Why? Because competition between the remaining corporate
contenders under intense pressure from their customers also competing on costs
in the industrial sectors, drives investment in a continuing technological
revolution. This provides previously unimagined access to “new” reserves.
Ultra-deepwater drillships, subsea oil and gas
infrastructure and multi-well-pad drilling to machine-to-machine networking, floating
LNG facilities, new dimensions in seismic imagery and supercomputing for analogue
exploration make fracking – hydraulic fracking – look positively old-fashioned.
Investment advisers Oil and Energy Insider – one
node in a network of private intelligence networks looking like an offshoot of
the CIA – big up the prospects, saying these technologies put the idea of peak
oil to bed for the foreseeable future.
And the IEA is looking both ways. Originally set up in the
wake of the 1972 oil crisis, its mission was to ensure continuity of oil
supplies. Now it claims it works to ensure reliable, affordable and clean
energy – but without compromising growth.
Academic Robert Manne says
a rapid, global-wide, consciously engineered transition from a fossil fuel to a
clean energy civilization would involve one of the largest transformations in
the history of humankind. And he’s right.
But he’s pessimistic. The post-war international “system” of
nations is entirely unfitted to the kind of broad-ranging international
cooperation now required, he believes. “The domestic political systems of the
nation states potentially of greatest importance in the struggle against global
warming – that is the advanced Western democracies — tend to paralyse the
possibility of necessary emergency action.”

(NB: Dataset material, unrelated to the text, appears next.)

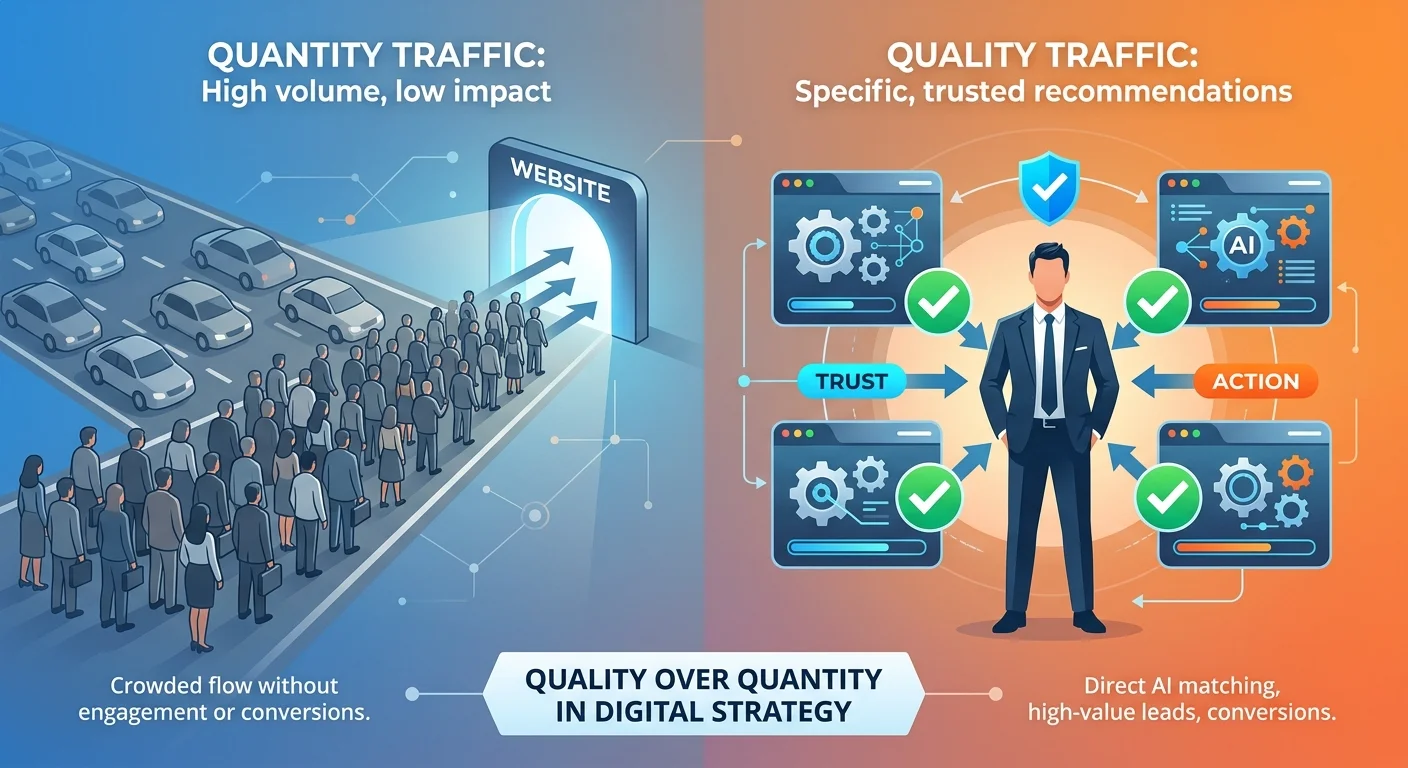 traffic volume versus AI authority showing single trusted recommendation outperforming high traffic numbers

To put it another way, the democratic system prevailing in
the global capitalist system of nation states has failed. So that means
building a new system, more suited to the task of taking human society into a
new not-for-profit age, one in which care for the “oikos”, Mother Earth, our
home, becomes the overriding priority.
One way would be to rapidly establish a global network of
local people’s assemblies, using the worldwide communications networks as the
foundation for wide discussion and participation as the precursor to the
takeover and redirection of the resources currently in the hands of the 1%.